From 3ff827e9cf2c6cb54acf84f20dc0c765f4213a9f Mon Sep 17 00:00:00 2001
From: =?UTF-8?q?Karl=20Sv=C3=A4rd?=
<60181709+Karl-Svard@users.noreply.github.com>
Date: Wed, 25 Sep 2024 12:03:53 +0200
Subject: [PATCH] Count NTC reads in sequencing QC check (#531)(patch)
### Changed
- NTCs now won't fail when having either reads or Q30 values below the given QC thresholds
---
cg_lims/EPPs/qc/sequencing_quality_checker.py | 40 ++++++++++++++-----
cg_lims/EPPs/qc/sequencing_quality_control.py | 2 +-
cg_lims/get/samples.py | 14 +++++++
.../qc/test_sequencing_quality_checker.py | 31 ++++++++------
.../novaseq_standard/samples/ACC9628A2.xml | 1 +
5 files changed, 65 insertions(+), 23 deletions(-)

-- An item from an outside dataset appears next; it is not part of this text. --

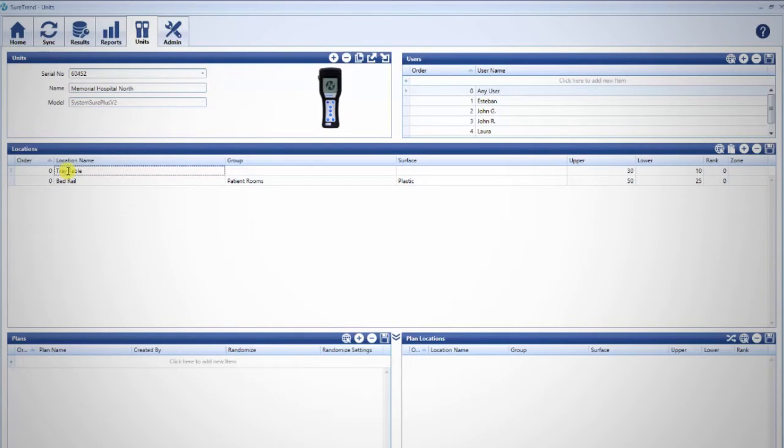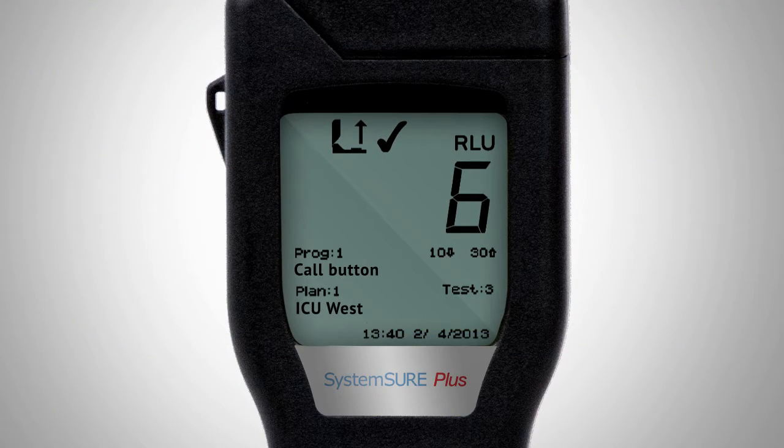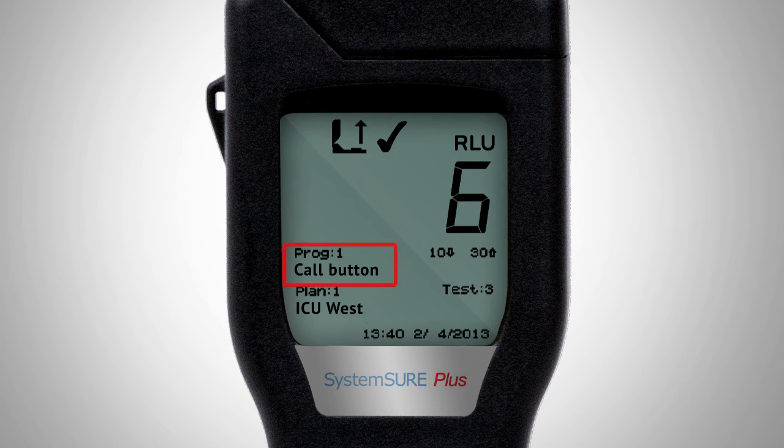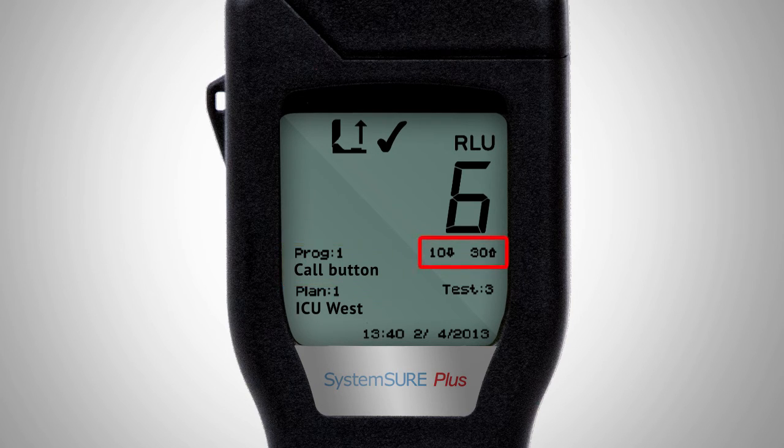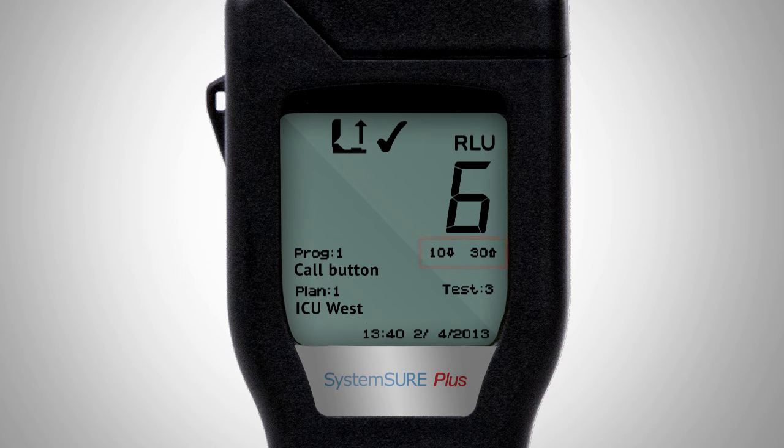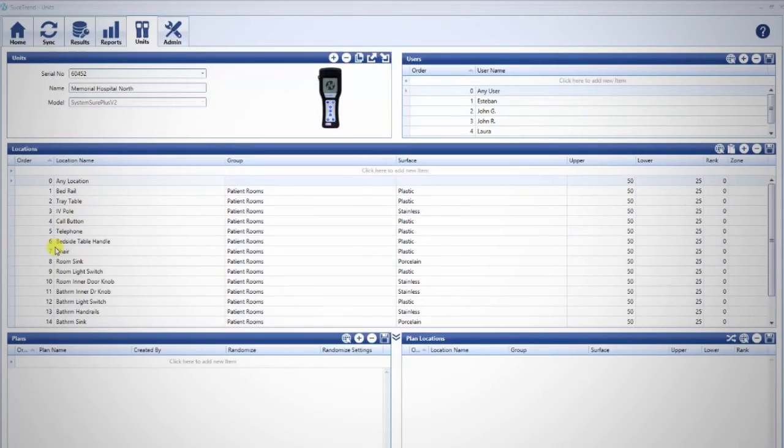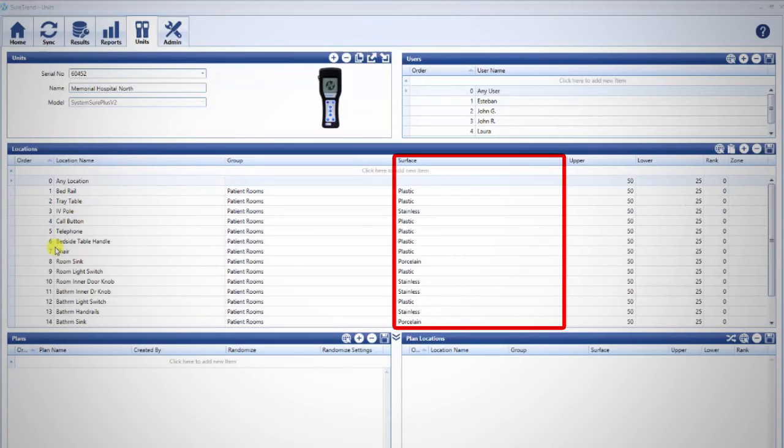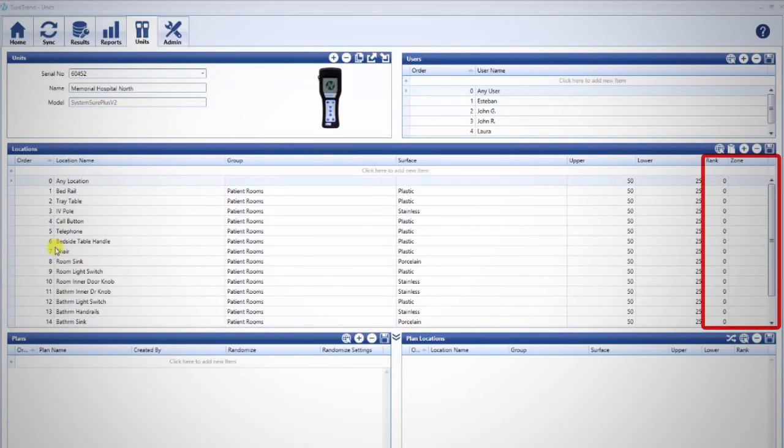On the System Sure Plus, the fields displayed on the System screen include Location Name and Upper and Lower Limit. Other fields are used for tracking and reporting purposes in SureTrend, and though they are not required fields, they will help you run a more data-powered, thorough cleaning verification program.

diff --git a/cg_lims/EPPs/qc/sequencing_quality_checker.py b/cg_lims/EPPs/qc/sequencing_quality_checker.py
index a175dc77..21044333 100644
--- a/cg_lims/EPPs/qc/sequencing_quality_checker.py
+++ b/cg_lims/EPPs/qc/sequencing_quality_checker.py
@@ -3,8 +3,12 @@
from cg_lims.EPPs.qc.models import SampleLane, SampleLaneSet
from cg_lims.EPPs.qc.sequencing_artifact_manager import SequencingArtifactManager
+from cg_lims.exceptions import MissingSampleError
+from cg_lims.get.samples import is_negative_control
from cg_lims.models.sample_lane_sequencing_metrics import SampleLaneSequencingMetrics
from cg_lims.status_db_api import StatusDBAPI
+from genologics.entities import Sample
+from genologics.lims import Lims
LOG = logging.getLogger(__name__)
@@ -39,15 +43,17 @@ def _get_sequencing_metrics(self) -> List[SampleLaneSequencingMetrics]:
self.metrics = metrics
return metrics
- def validate_sequencing_quality(self) -> str:
+ def validate_sequencing_quality(self, lims: Lims) -> str:
"""Validate the sequencing data for each sample in all lanes on a flow cell based on the number of reads and q30 scores."""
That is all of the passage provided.